You might remember Andrea Pavan, who just shot five-under 67 in the opening round of the Slync.io Dubai Desert Classic. Then again you might not. Even in plain sight, he’s been all but invisible for a while now. Almost ever since his victory in the 2019 BMW International Open in Germany – his second on the now DP World Tour – the Italian has struggled. Which might be the understatement of this or any other century.
Consider the numbers. Pavan arrived in Dubai for this week’s Desert Classic ranked 1,127th in the world. That’s not bad, considering he was 1,664th seven days earlier, a dire situation somewhat alleviated by his T-22 finish in the Abu Dhabi HSBC Championship. But it’s not great either. At the end of 2019, the Dallas-based 32-year-old (he played on the Texas A&M’s NCAA Championship team in 2009) was the 74th best golfer on the planet.
Pavan’s decline was swift and definitely not pretty. In 2020 his average score on tour was 75.37. And last year he was even worse. Ranked 200th (last) in that category, his 75.69 was almost exactly five shots higher than the tour average.
You won’t be surprised to hear that Pavan was also 200th in driving accuracy, hitting just over one-in-three of the fairways he aimed at. Or that he pulled up 186th in driving distance, his 280.47-yard average more than 16 yards short of the median figure on tour. Or that he was 200th in greens in regulation. He hit fewer than half of the putting surfaces in the correct number of shots when his average competitor was finding them two out of three times. Or that he was 117th in putting when he did hit greens.
You get the picture.

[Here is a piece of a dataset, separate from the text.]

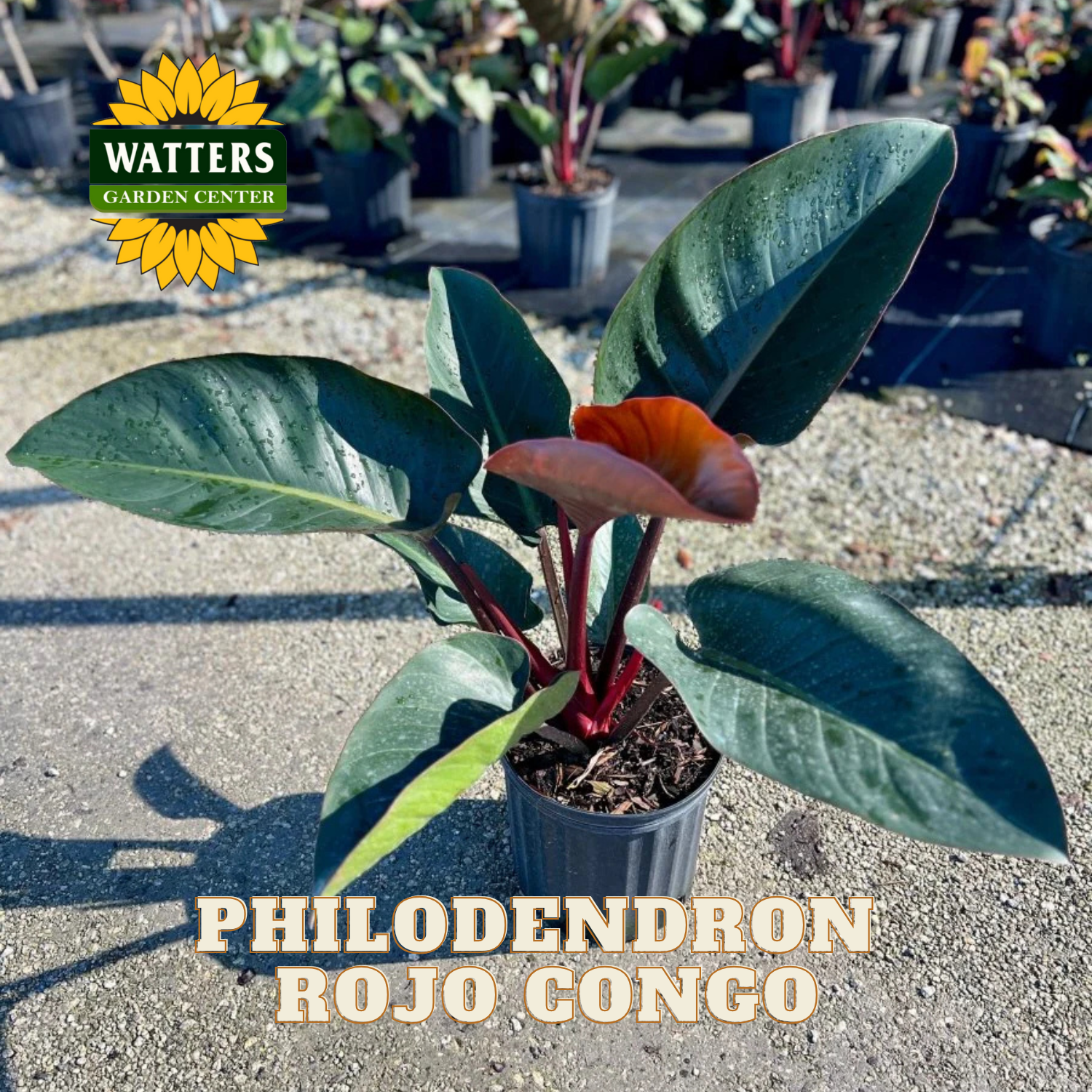 Potted Philodendron Rojo Congo plant with Watters Garden Center logo in the background.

This was a man who had lost his way in a golf sense, a man in almost total despair, Speaking to Golf Digest last July at the Scottish Open (where he again missed the cut), Pavan was good enough to explain what was going on.
“It all started at the end of 2019, when I began to hit a few foul balls off the tee,” he said then. “It was always not the best part of my game, and I was losing it way to the right. It felt like something not good was coming, and it snowballed. Then I had a wrist problem. That didn’t help because it made me more afraid of releasing the club.

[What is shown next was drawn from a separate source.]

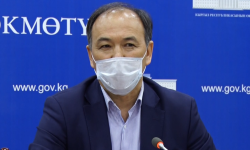 COVID-19: 29-апрелге карата, учурдагы кырдаал 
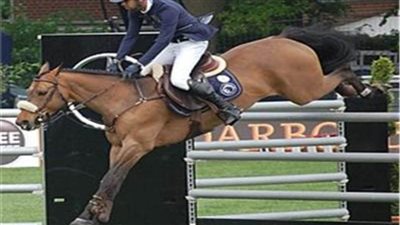 أول تعليق من رئيس اتحاد الفروسية بعد انسحاب نائل نصار من أولمبياد باريس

“I’m struggling off the tee and the long game is not there,” he continued. “It’s tough because the tee shot is the first shot and if you hit it right or left, you feel you are scrambling all day. It is tiring. And it’s tough when you have doubts, but this game can sometimes be like this. You just have to try and stop yourself digging an even bigger hole. But, when you play bad for so long, your confidence is hurt.”
Things clearly didn’t get much better over the rest of the 2021 season, which ended with Pavan taking a well-advised break from competition. But not from golf. At home in Dallas, he and coach Corey Lundberg (an associate of Australian Cameron McCormick, who works with Jordan Spieth), broke down his problems.

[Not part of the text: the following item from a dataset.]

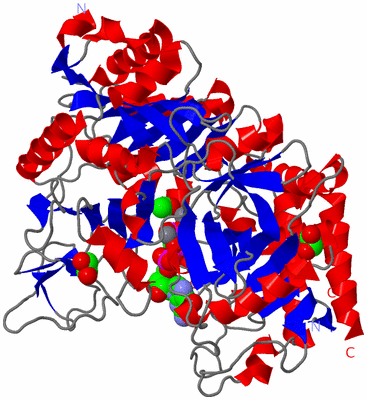 Image Asym./Biol. Unit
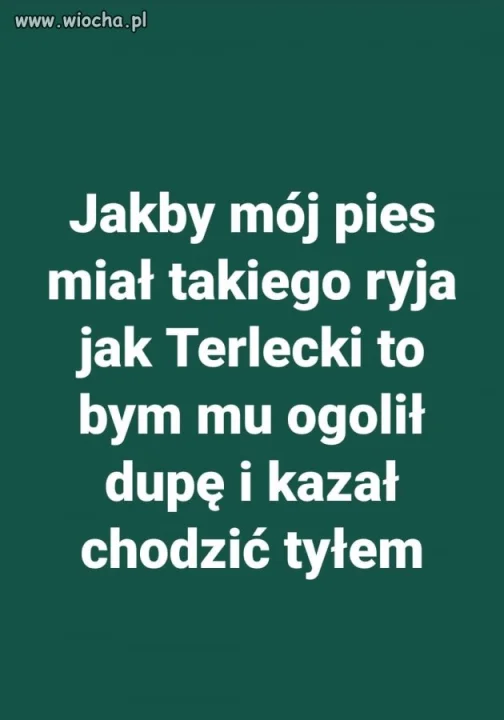 Dobrze że nie mam psa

“After the Scottish Open, I did have a bit of good play,” Pavan says. “But it was in the middle of the season, and I didn’t feel like it was a time to take time off and work on some of the things that got away from me. It was mainly my driving. But it had gotten to the point where I was having trouble with just about any club off the tee. It felt like I was sliding ahead of the ball at impact, which left me with no chance to square the face.”
Pavan said he took three months off from tournaments, “and maybe a month-and-a-half away from social media” to clear his head and reset. Since then, good things seem to be happening. Pavan is far from claiming “I’m back”, but it is clear that his technical and mental fog is slowly lifting. One week before he made the long trip to the Middle East, he made nine birdies in one round at a mini-tour event in the Dallas-area.
“My recent play is a good sign,” he said after his six-birdie, one-bogey opening-round at the Emirates Club. “As for tomorrow, I see no reason why I shouldn’t keep playing like this. I’m just enjoying the fact that I’m walking onto tees and setting up over shots with a calmer feeling. I’m managing to control the ball. When you do it once under the gun, it gets easier the next time. And that’s what I’ve been doing. Hitting good shots again and again.
“Overall, it feels like there something good is happening,” he added. “If you can make nine birdies on any course, you are doing something right. The signs are there. Ask any player who has gone through a big slump. It’s all about seeing those signs and making little steps forward. I feel like this week is another one of those. The tournament is clearly not finished, but I feel good.”